Now I have spent some time searching and reading the FAQ's around here (and the official webpage) , but unfortunately the information I have gotten hasn't been satisfactory - in fact it has been contradictory at times.  From what I do understand, reservists do not go through the same training courses as regular forces.  Also, I have been told that my training will consist of two summers in Quebec and Gagetown.   Does the first summer consist of BMOQ, or whatever it is now being called?  What is the duration of that? 15 weeks?  Or is it a combined course with both Off. Cadets and NCOs? What will the 2nd summer be comprimised of then? CAP and artillery officer training?

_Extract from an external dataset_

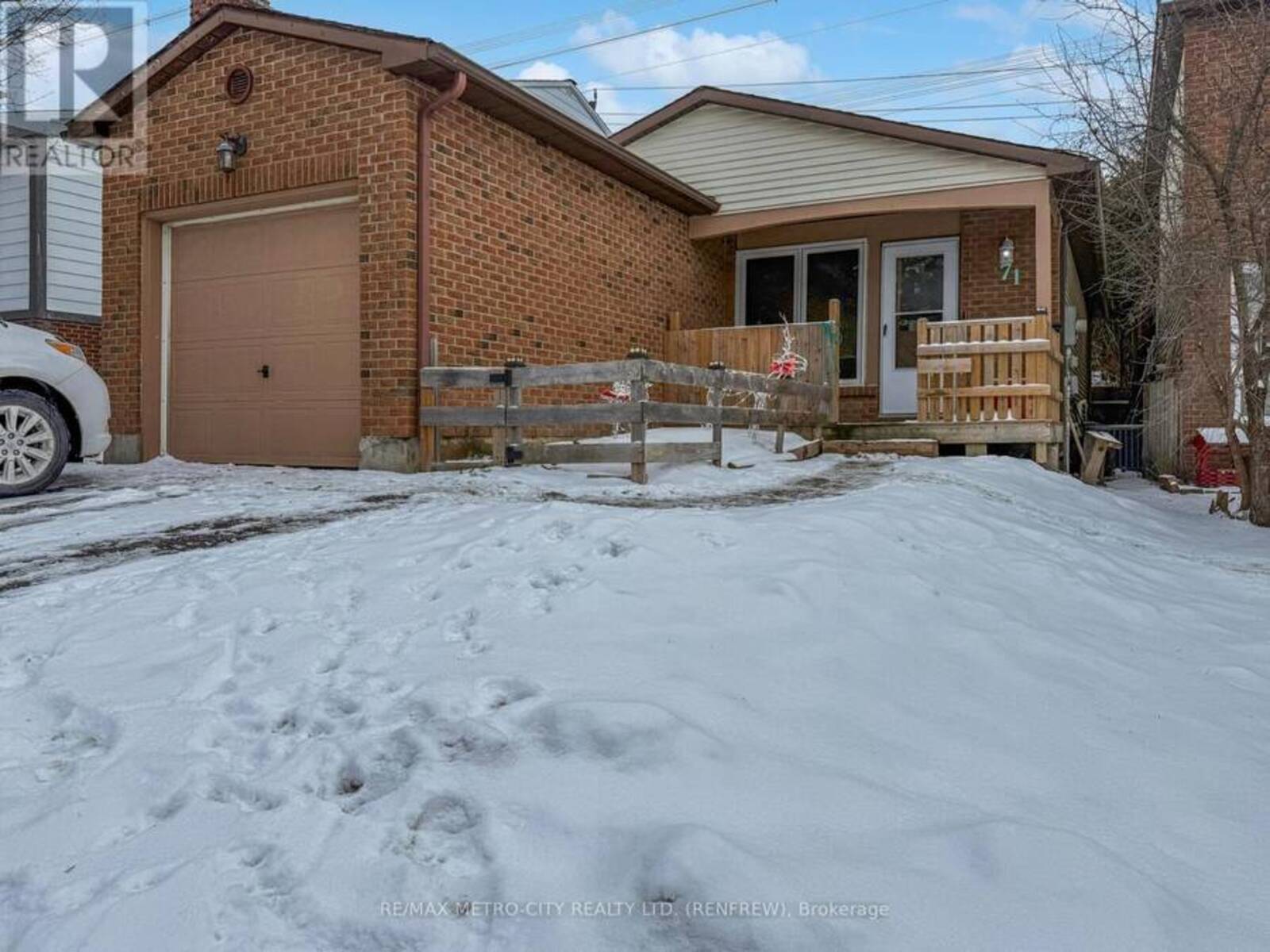 71 STABLE WAY, Ottawa, Ontario K2M 1A8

If I could get some clarification as to the duration and content of the training over the summer months, that would be most greatly appreciated!  Thanks!

(My apologies if this has been covered somewhere.. I have searched rather exhaustively and not found a clear answer.)


----------



## DannyD (4 Dec 2007)

Hello,

I can't answer all your questions (if I'm not totally sure about something, I prefer not to say anything). However, I talked with a cadet officer (from a Reserve unit) the other day and he told be that in the Reserves, BMOQ and BMQ are the same course, in the sense that OCdt are mixed with the NCM during basic training (which is NOT the case with the regular force). The duration of this training is about 20 days (instead of the 14 weeks for the Regs' BMOQ).

Next phase is your SQ, and I have no idea of its length for the Reserves.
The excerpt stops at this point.